Bernwood Forest is a fantastic place for a wide variety of fungi. Among the trees you may smell and then see the poisonous all-yellow Sulphur Knight, which stinks of coal-gas, and the pink Rosy Bonnet, also poisonous, with an unpleasant scent!
The distinctive scent of Mousepee Pinkgill (poisonous) will be evident before you see its yellowish broad cap with a bluish-green ‘bruise’ in the middle.
This fungus is similar to the Parrot Waxcap (inedible) which is often found in lawns and heathland; its bell-shaped slimy green cap changes to yellowish green and even pink.
Conifer plantations such as Finemere Wood are good places to look out for Plums and Custard, a fungus that grows on and around conifer stumps. It smells of rotting wood, which is appropriate because this is an inedible fungus.
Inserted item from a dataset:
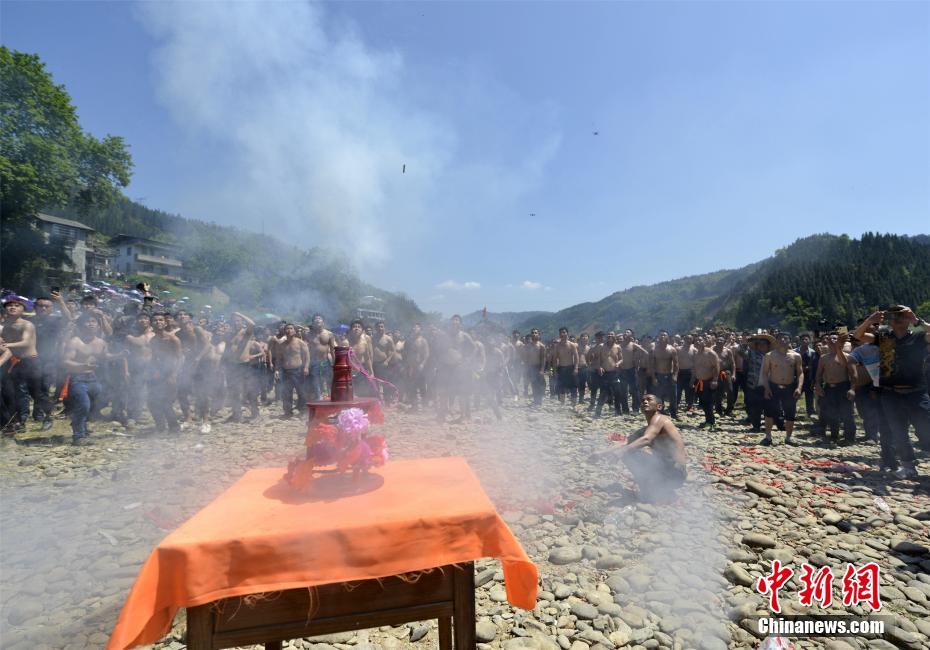 抢花炮被誉为“中国式橄榄球”，是广西少数民族的一项传统体育活动，已被列入全国少数民族传统体育运动会的比赛项目。图为准备抢花炮。滚亿忠 摄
You may find Slippery Jack, an edible fungus with a very slimy chestnut brown cap, among Scots Pine; and where there are larches look out for Larch Bolete, another edible fungus, with a yellow cap flushed rusty brown.
Both of these fungi have pore-like tubes instead of gills on the underside.
Beech woods in the Chilterns, such as Dancersend nature reserve near Wendover, are great places for fungi walks. Look for the Collared Earthstar whose outer skin splits into four to eight segments giving it the appearance of a pointed star.
Most identifiable among all the toadstools is the poisonous Fly Agaric whose distinctive white-spotted red cap is the stuff of childhood fairy tales. Look for it particularly near birch trees. It doesn’t have a particular smell but being so easy to identify is always a rewarding fungi to find!
When out and about on a woodland walk, make sure to use all your senses so you don’t miss out on some of the season’s more interesting fungi.